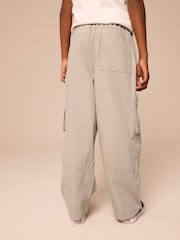 Neutral 100% Cotton Superwide Cargo Trousers (3-16yrs) - Image 3 of 8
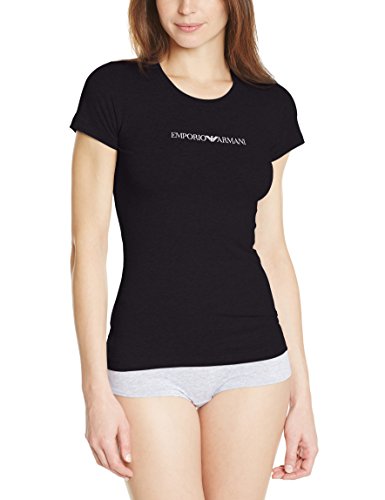 Emporio Armani Underwear Damen Unterhemd 163320CC700 Gr. 34 (Herstellergröße: S) Schwarz (NERO 00020)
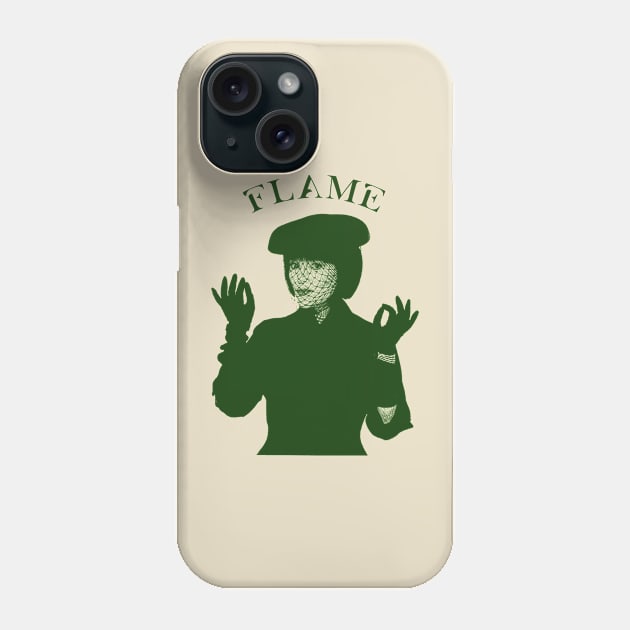 Flame White Widow Engraving Phone Case by Hidarsup Bahagiarsa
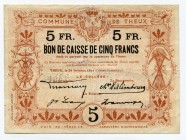 Belgium 5 Francs 1914 Commune De Theux
.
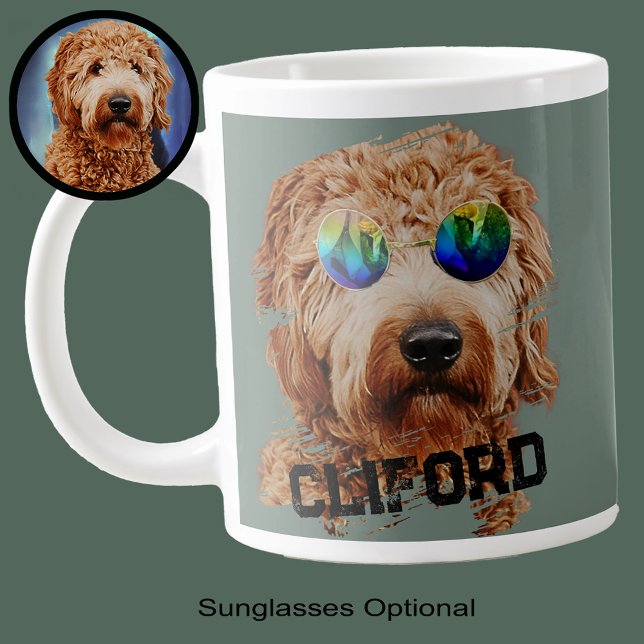 Roligt Cute Goldendoodle eller Ditt foto från Papp Jumbo Mugg (Skapare uppladdad)
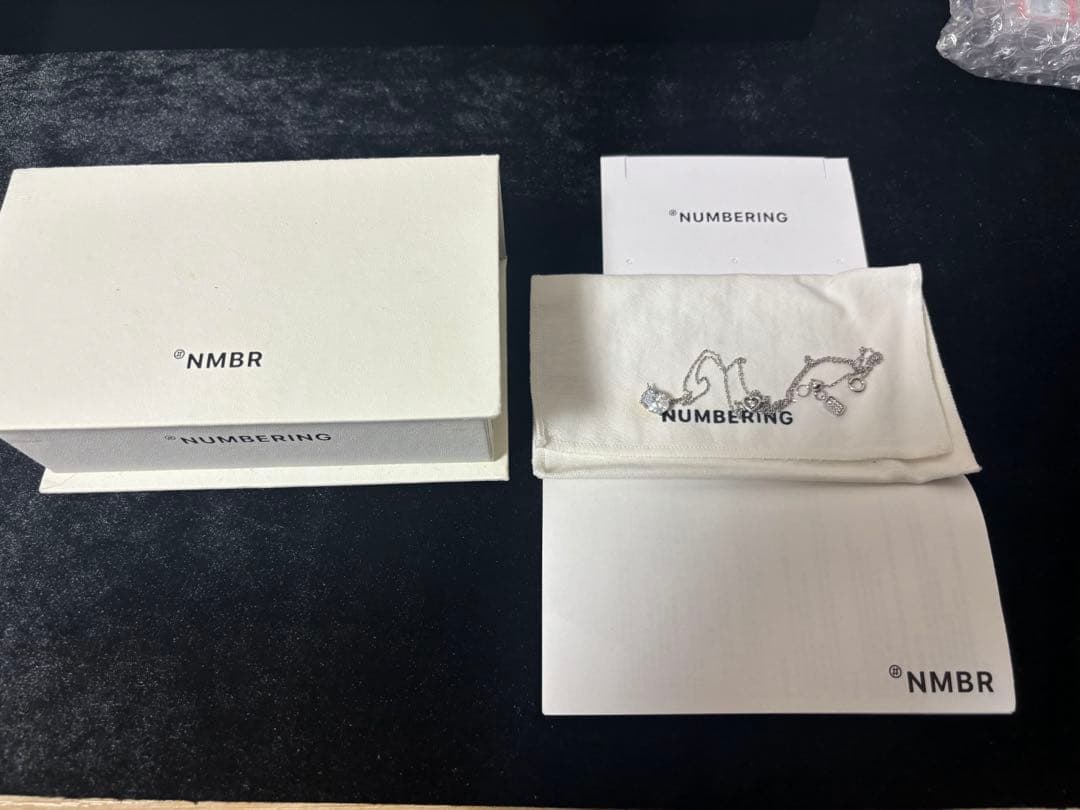 Numbering ペンダント チェーンネックレス　silver925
※ ※ ※
Task directions:
Produce an exact copy of every line above, with the images left out.

Written answer:
 Neutral 100% Cotton Superwide Cargo Trousers (3-16yrs) - Image 3 of 8
 Emporio Armani Underwear Damen Unterhemd 163320CC700 Gr. 34 (Herstellergröße: S) Schwarz (NERO 00020)
 Flame White Widow Engraving Phone Case by Hidarsup Bahagiarsa
 Belgium 5 Francs 1914 Commune De Theux
.
 Roligt Cute Goldendoodle eller Ditt foto från Papp Jumbo Mugg (Skapare uppladdad)
 Numbering ペンダント チェーンネックレス　silver925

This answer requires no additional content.